Ben ne diyorum o ne anlıyor diye de açıklanabilen bu deyiş, insanların birbiriyle konuşurken ortaya çıkan algılama farkını tanımlıyor.
Tarafların birbirini anlamadan, anlamaya çalıştığında ortaya çıkan sonucu, bundan daha iyi anlatan başka bir deyiş var mı bilmiyorum.
Kişiler arasında konuşma ve tartışmaların amaç ve anlamlandırma yönünden birbirine denk düşmemesi farklı sonuçlar üretiyor. Bu durum genelinde tarafların kültürel farklılık ve donanımından kaynaklansa da üzerinde tartışılan konunun, farklı amaç ve değerlendirmelerle tanımlanmasına da bağlı olabiliyor.

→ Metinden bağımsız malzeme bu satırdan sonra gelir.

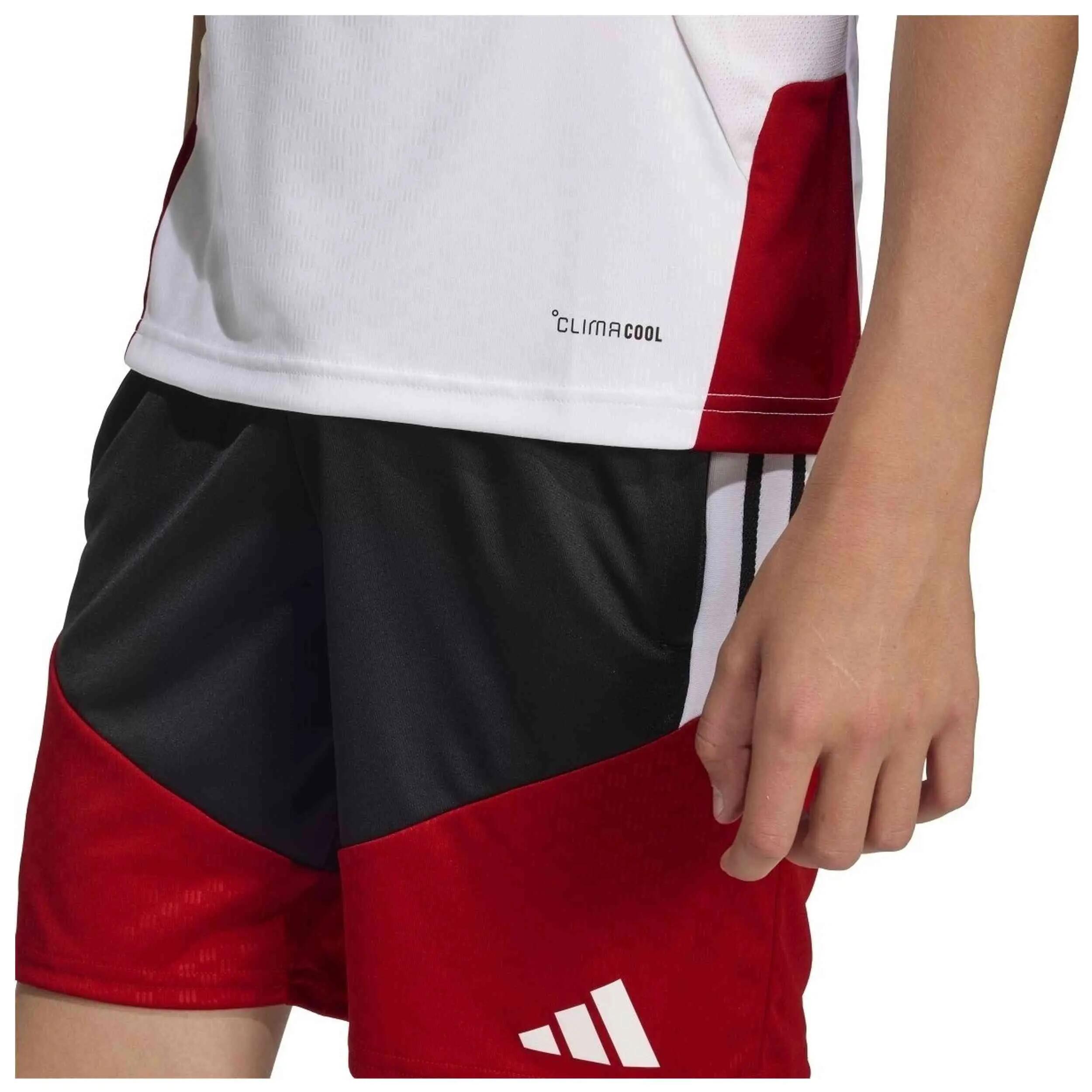 Maillot de football Adidas modèle Germany 26 Tiro Training pour unisexe enfants 5/5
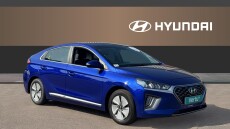 Hyundai IONIQ 1.6 GDi Hybrid Premium 5dr DCT Hybrid Hatchback
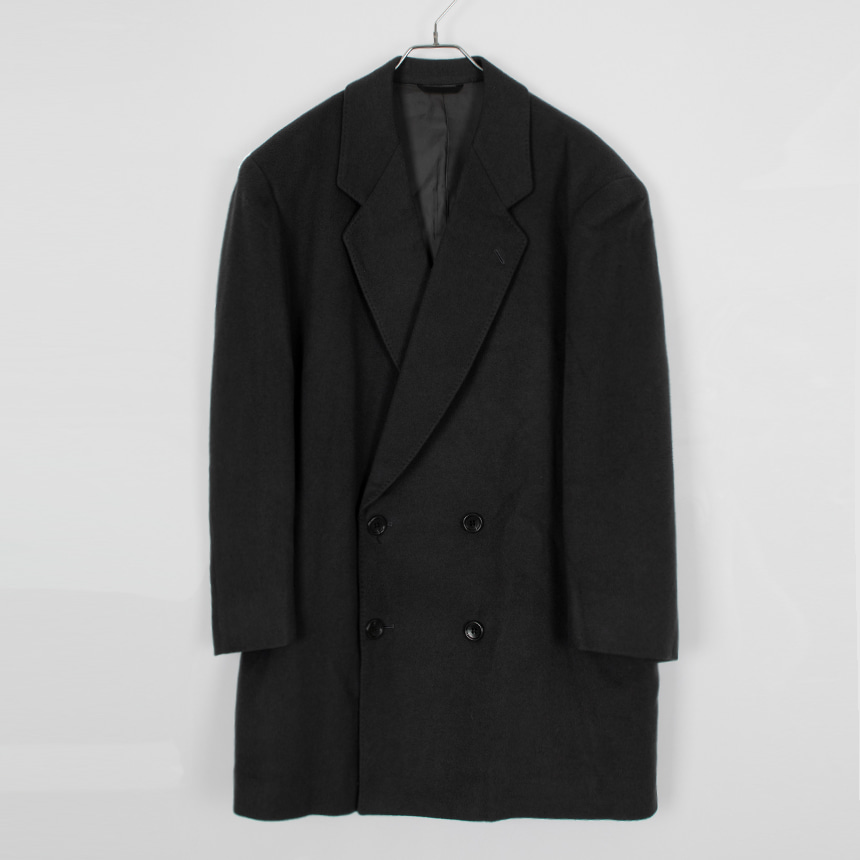 eherjeuness ( size : men L , made in japan ) cashmere coat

Ayrı zihinsel kodlanmalarla oluşan farklı dünya görüşünden kaynaklanan bu algılama uçurumu, çoğunlukla taraflar arasında kırgınlık veya uzaklaşmayla sonuçlanıyor. İnsanlar, birbirlerinin söylediklerini doğru anlamadıklarını genellikle sonra fark ediyor veya hiç etmeyebiliyorlar. Anında fark edenler ise çoğu zaman yeniden anlaşma çabasına giriyorlar.
Özür dileme kültürünün eziklik değil doğru anlaşılma çabası olarak doğru gelişmesi de buna bağlı.

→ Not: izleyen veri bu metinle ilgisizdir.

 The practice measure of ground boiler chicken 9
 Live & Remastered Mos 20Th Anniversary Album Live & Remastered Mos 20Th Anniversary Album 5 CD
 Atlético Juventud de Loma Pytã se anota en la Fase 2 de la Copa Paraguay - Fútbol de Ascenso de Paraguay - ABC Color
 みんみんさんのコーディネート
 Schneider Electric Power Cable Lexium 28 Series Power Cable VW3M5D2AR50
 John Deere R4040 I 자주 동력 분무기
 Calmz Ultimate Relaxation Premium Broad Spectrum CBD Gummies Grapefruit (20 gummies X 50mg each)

Çocuklarla iletişim kurarken bu farklı anlamlandırmayı hesaba katan büyükler, onları anlama ve kendilerini anlatmada başarılı oluyorlar. Onun için bu örnek çocuklarla iletişim açısından uygun olmasa da çocuklara örnek olma açısından önemli.
Eğer çocuk, insani ilişkilerde söylenenler üzerinden anlamsal onaylaşma çabası gösterilen bir sosyal çevreye sahipse, yani aile içi, okul ve toplum üzerinden modellenen bu tavırlara tanık oluyorsa, onun karşısındakini doğru anlama çabası da olumlu yönde gelişiyor.
Böyle çocuklar yetiştirmek mümkün mü?